Parte dessa lenda se escora num manuscrito apócrifo do ano 570
     Foi lançado em 2014 um dos vários livros que tratam da suposta relação amorosa entre Jesus e Maria Madalena e da família que eles teriam constituído. Os autores de “The Lost Gospel” disseram, na época, ter descoberto um documento do ano 570 segundo o qual Jesus teria se casado e tido filhos com Maria Madalena. Um dos filhos, grande seguidor de Cristo, teria presenciado os momentos da crucificação e da descoberta do sepulcro vazio. Esse manuscrito tinha sido composto em siríaco, língua usada no Oriente Médio entre os séculos IV e XVIII, com trechos em aramaico, a língua de Jesus.
José e Aseneth
     O livro, escrito por Barrie Wilson, professor canadense de estudos religiosos, e Simcha Jacobovici, escritor israelense, suscitou muitas polêmicas. Após anos de estudos, os autores afirmaram que existiria parte de verdade naquele manuscrito que, durante anos, ficou nos arquivos da British Library de Londres. Os dois personagens principais, José e Aseneth, seriam Jesus e Maria Madalena.
Dois filhos
     O texto descreve um casamento que durou sete dias e que teve a bênção do faraó do Egito. Olhando para Aseneth, o faraó teria declarado: “Bem-aventurada pelo Senhor Deus de José, porque ele é o primogênito de Deus, e serás chamada a Filha do Deus Altíssimo e a esposa de José, agora e para sempre”. Nos anos sucessivos, Aseneth teria concebido dois filhos: Manasseh e Ephraim. Segundo Jacobovici, depois que o imperador romano Constantino ordenou destruir todos os evangelhos, sobraram apenas os de Marcos, Lucas, Mateus e João. Dos demais que havia não se tem mais traços – e justamente nesses outros haveria relatos sobre Jesus e Maria Madalena.
O estado civil do Messias
     O padre Rinaldo Fabris, biblista, declarou a Aleteia que “a ausência de informações sobre a infância de Jesus e sobre o seu estado civil instigou a fantasia de muitos narradores cristãos e não cristãos. Esse mesmo vazio dá origem a todos os textos apócrifos”. Por “apócrifos”, a propósito, entende-se um grupo de textos de caráter religioso que se referem à figura de Jesus Cristo, mas que não foram reconhecidos como canônicos.

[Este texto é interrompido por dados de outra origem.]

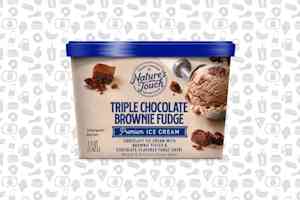 Nature's Touch Ice Cream Triple Brownie Fudge, 48OZ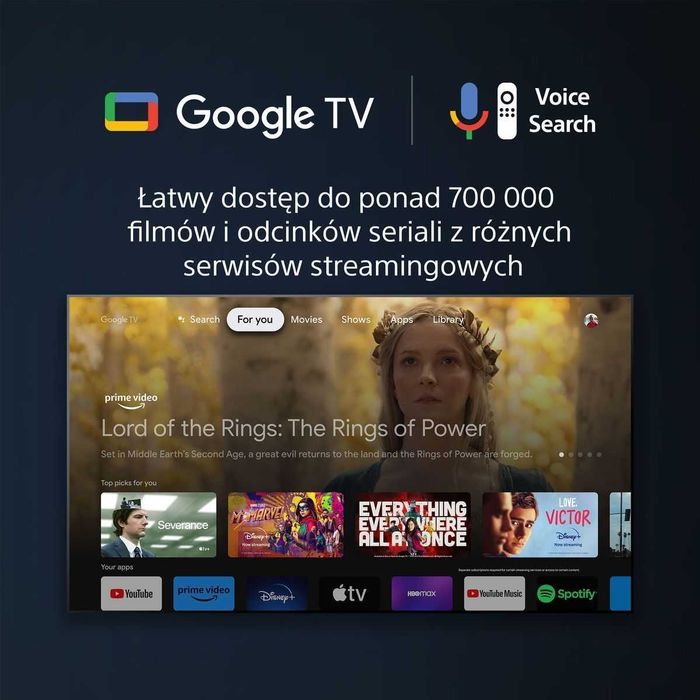 Nowy Sony 55 cali 120Hz 4K UHD hdr Smart WIFI GoogleTV Dolby VISION Dolby ATMOS HDMI 2.1 FullArray 55X85L gwarancja 12m telewizor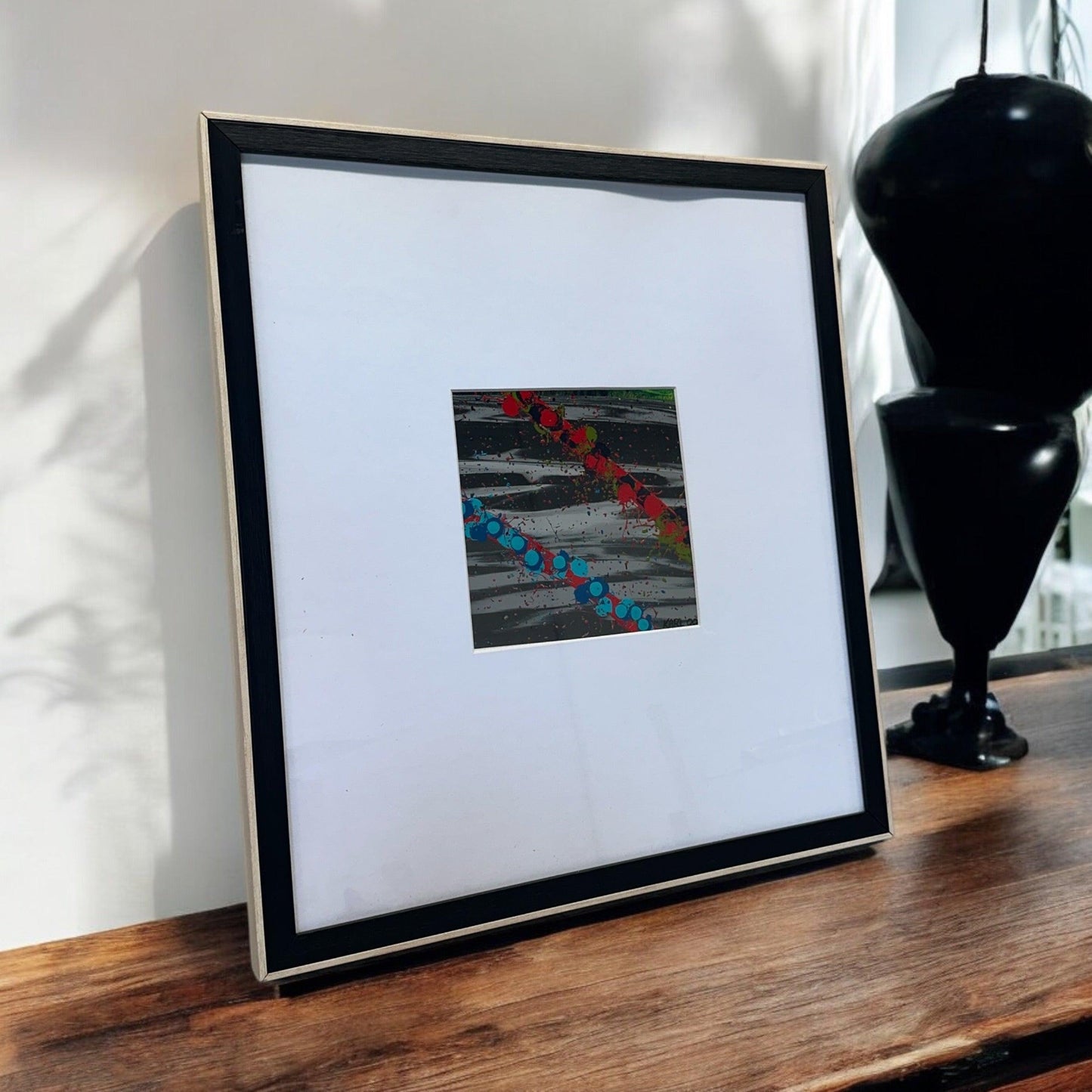 Mid Century Abstract  - #1385 - The Artful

     “Na verdade – prossegue o padre Fabris – o problema da dificuldade em aceitar um casamento de Jesus não depende de motivos dogmáticos. Se Ele tivesse sido casado e tivesse tido dois filhos, não haveria nada de estranho à fé cristã: casar-se e ter filhos é a história da maior parte dos seres humanos”. E o casamento e a família estão entre os mais excelsos valores defendidos pelos cristãos. Se a Igreja não reconhece tal suposto casamento de Jesus, não é porque tenha algo contra o casamento: é simplesmente porque não existe fundamentação histórica alguma que possa ser levada a sério no sentido de embasar tal hipótese. O alegado “casamento de Jesus” nunca foi documentado, a não ser nesses textos que, segundo o biblista, até podem conservar alguns dados históricos, mas contam algo muito isolado e incompatível com a grande maioria dos relatos históricos mais amplamente aceitos sobre o estado civil do Messias. Além disso, o manuscrito do ano 570 apresenta consideráveis acrobacias fantasiosas ao tratar do relacionamento entre Jesus e Maria Madalena.
A verdadeira Madalena
     Um dos muitos equívocos que persistem no tocante a Maria Madalena é a interpretação de que ela tenha sido prostituta. “É um mito ocidental”, corrige o padre Fabris. “Quem decifra a história de maneira fiel são os textos gregos. Ela era uma pessoa próspera, que estava doente e foi curada por Jesus. Junto com outras mulheres prósperas, ela ‘financia’ Jesus em dados momentos, para ajudar os pobres, comprar um cordeiro para a Páscoa etc. O oitavo capítulo do Evangelho de Lucas menciona este assunto. Essas mulheres apoiavam os discípulos em suas obras”.